Distributionally Robust Offline Reinforcement Learning with Linear Function Approximation

TL;DR

This paper develops distributionally robust offline reinforcement learning algorithms with linear function approximation, providing the first non-asymptotic sample complexity results and demonstrating their effectiveness through experiments.

Contribution

It introduces two novel algorithms for distributionally robust offline RL with linear function approximation, achieving new theoretical error bounds.

Findings

Algorithms outperform non-robust baselines in experiments.

Provided the first non-asymptotic sample complexity bounds for this setting.

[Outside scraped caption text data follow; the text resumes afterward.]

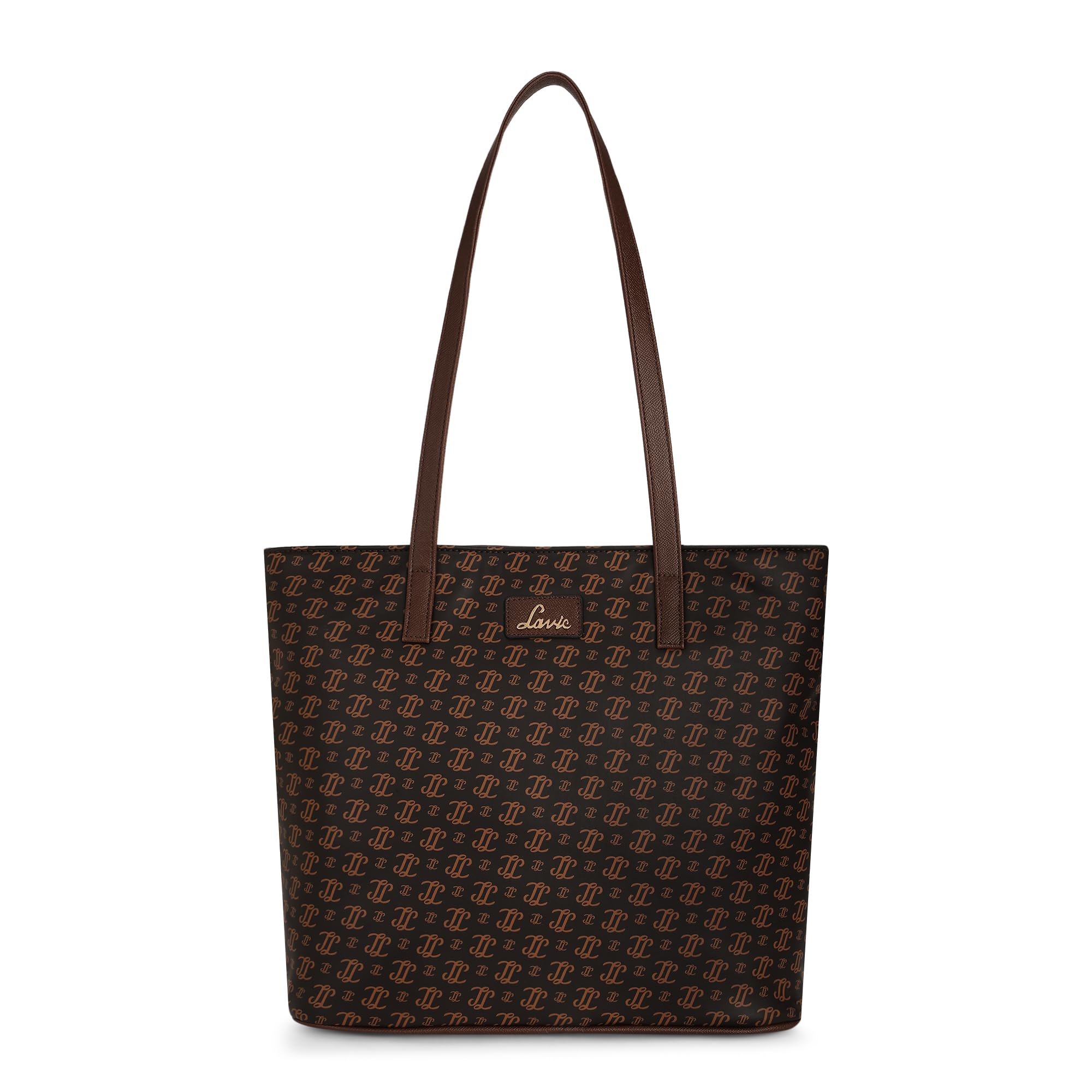 Lavie Women's Pavo Tote Handbag | Tote Bag for Work | Ladies Purse | Stylish Shoulder Bag | Gift for Women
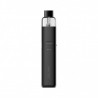 Geekvape Wenax K2 Pod 18w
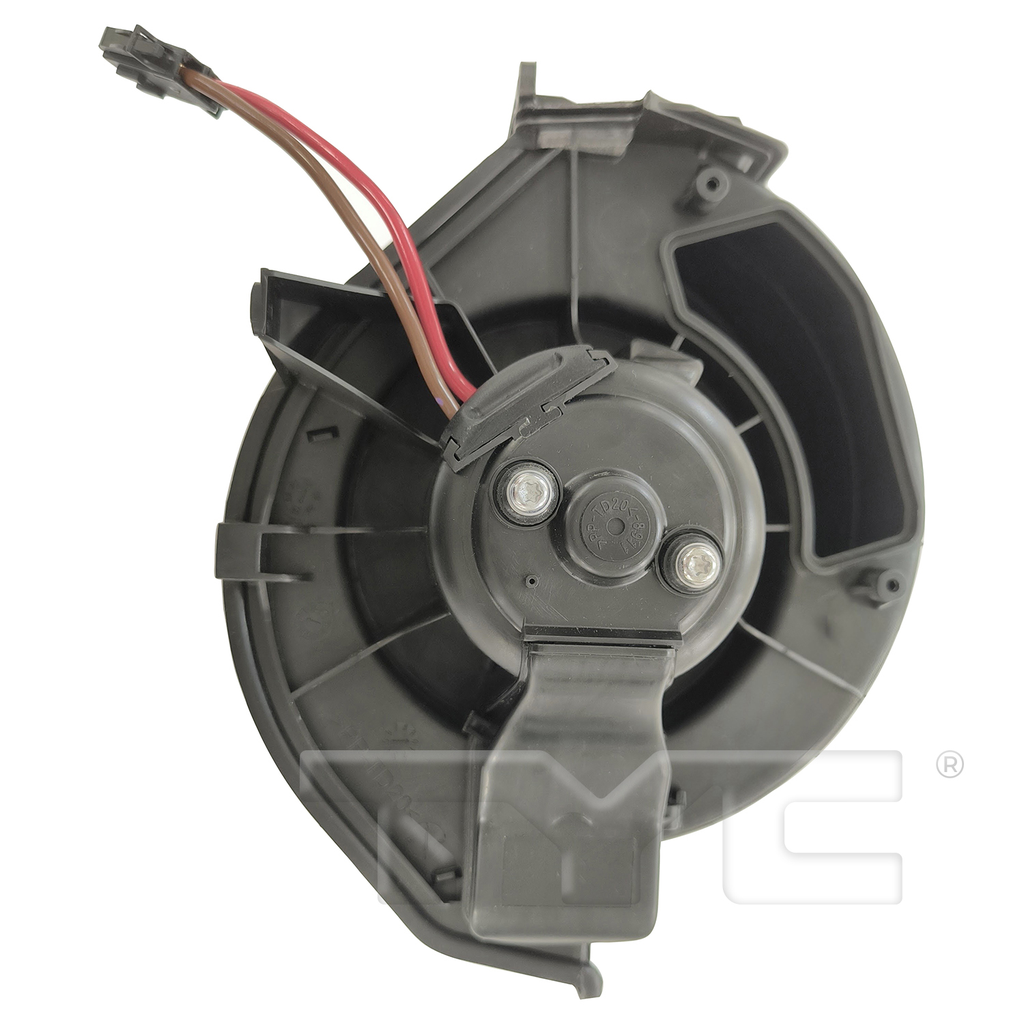 BWAU A6 05-06 =BM-4095C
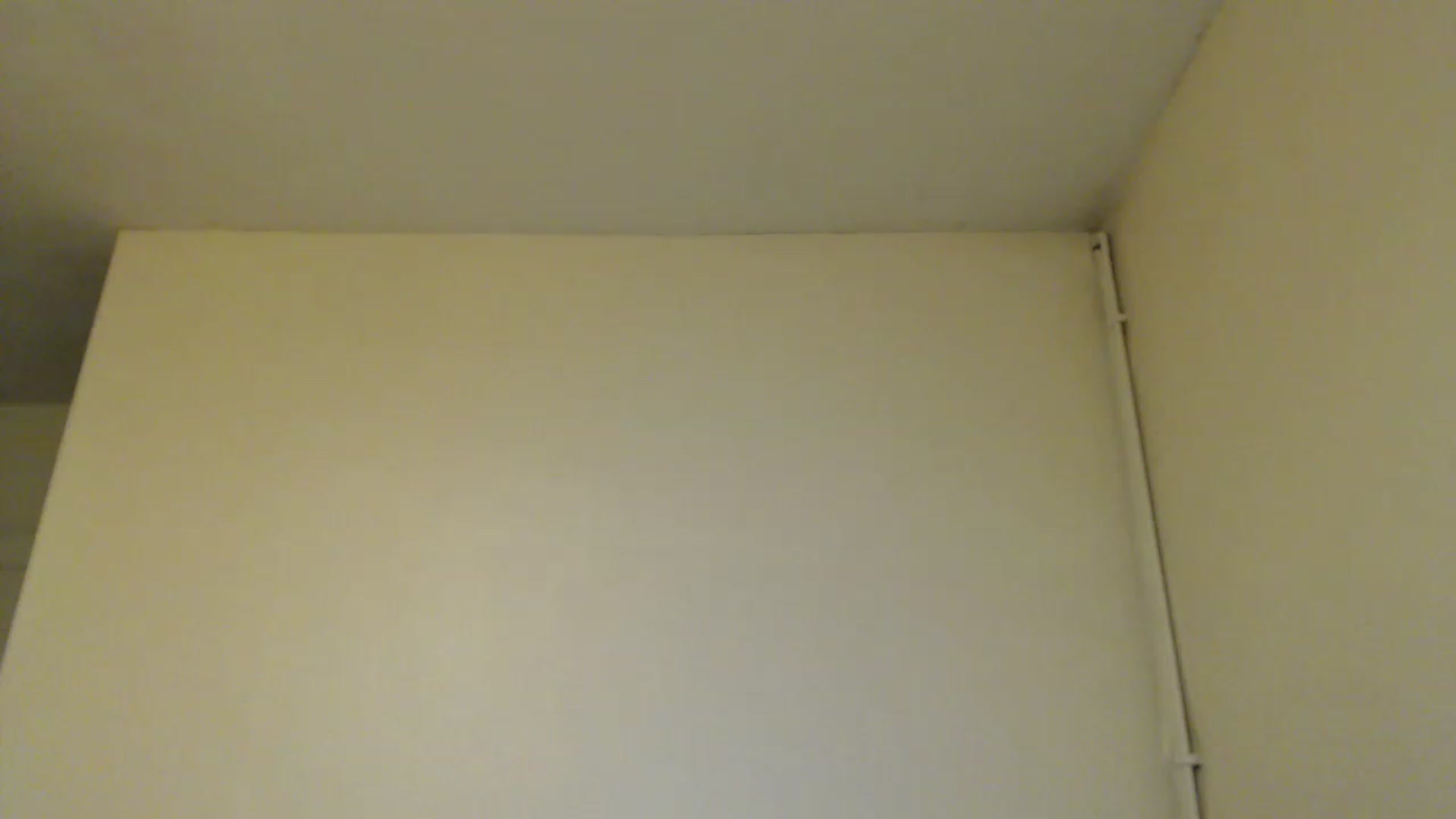 Gallery image thumbnail from MissJasmineUK's myfreecams stream on, 12/24/2022, 22:03 image 15 of 20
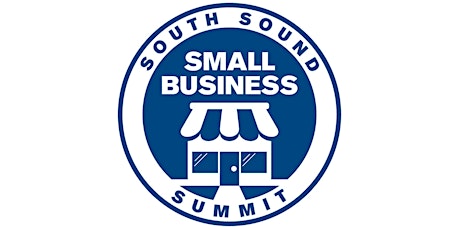 3rd Annual South Sound Small Business Summit primary image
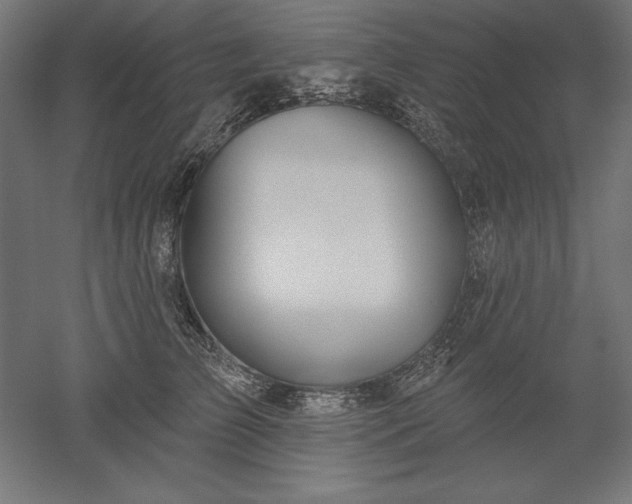 X0000051920709200507011600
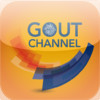 Gout Channel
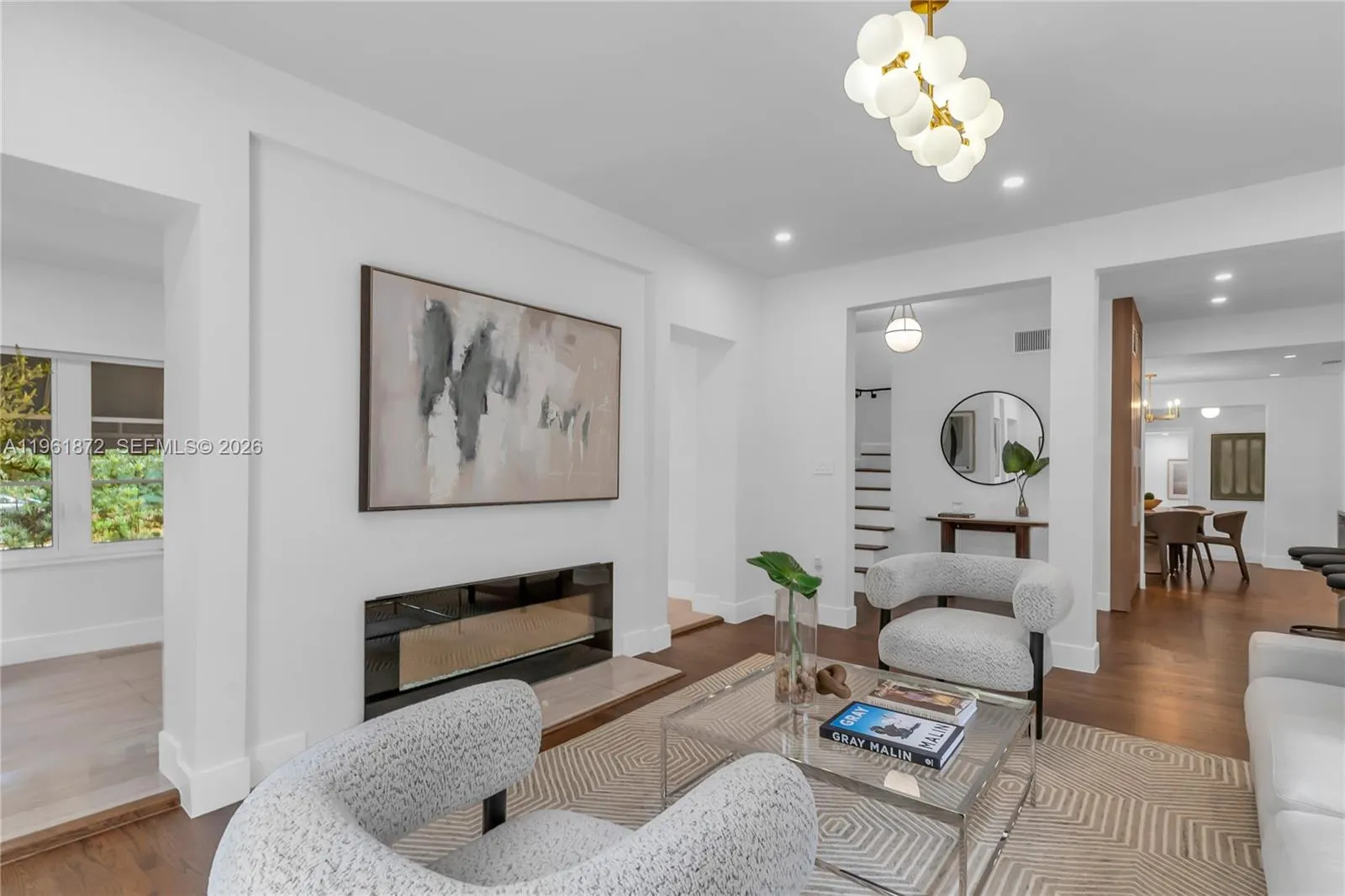 1222 Cortez St, Coral Gables FL 33134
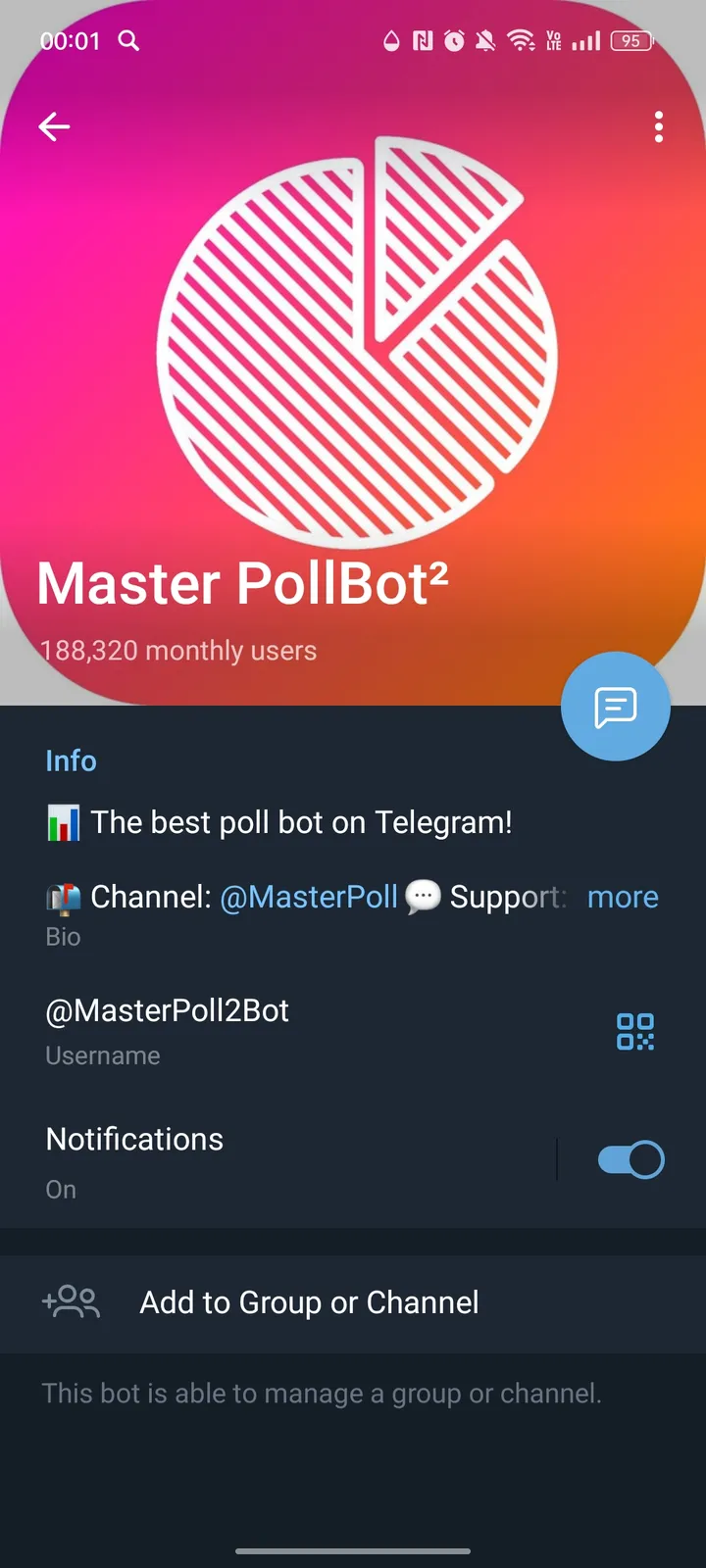 masterpoll2bot
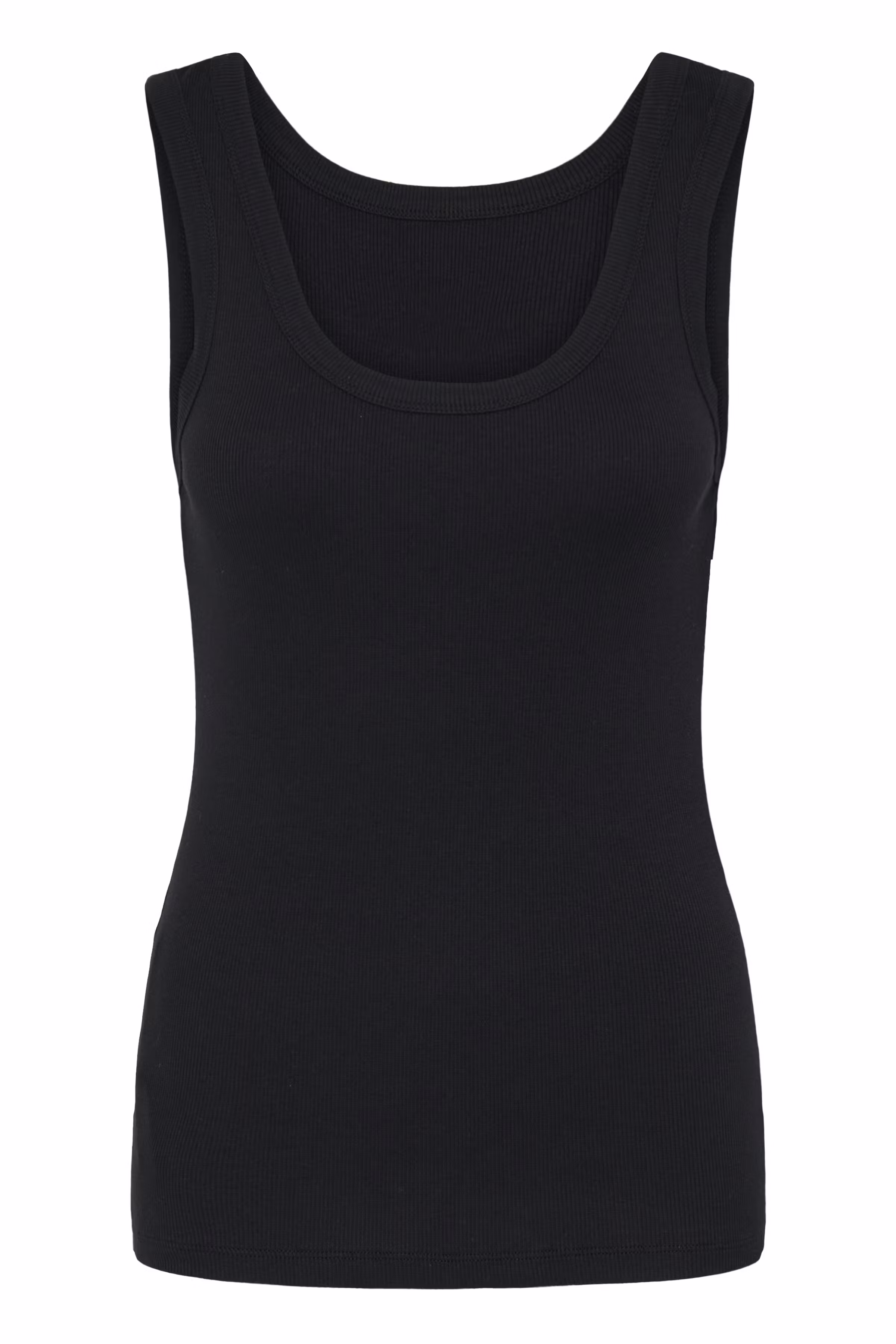 BAALTOBELLI Top PACK BACK 50405330-193911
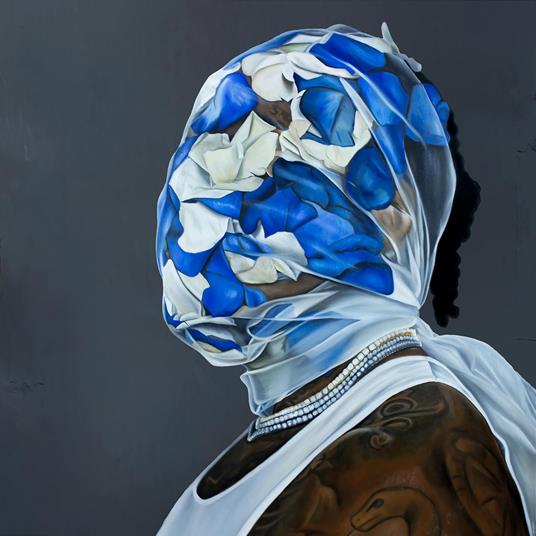 Gunna - One Of Wun (180gr)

Demonstrated robustness benefits in diverse experimental scenarios.

Abstract

Among the reasons hindering reinforcement learning (RL) applications to real-world problems, two factors are critical: limited data and the mismatch between the testing environment (real environment in which the policy is deployed) and the training environment (e.g., a simulator). This paper attempts to address these issues simultaneously with distributionally robust offline RL, where we learn a distributionally robust policy using historical data obtained from the source environment by optimizing against a worst-case perturbation thereof. In particular, we move beyond tabular settings and consider linear function approximation. More specifically, we consider two settings, one where the dataset is well-explored and the other where the dataset has sufficient coverage of the optimal policy. We propose two algorithms~-- one for each of the two settings~-- that achieve error bounds $\tilde{O}(d^{1/2}/N^{1/2})$ and $\tilde{O}(d^{3/2}/N^{1/2})$ respectively, where $d$ is the dimension in the linear function approximation and $N$ is the number of trajectories in the dataset. To the best of our knowledge, they provide the first non-asymptotic results of the sample complexity in this setting. Diverse experiments are conducted to demonstrate our theoretical findings, showing the superiority of our algorithm against the non-robust one.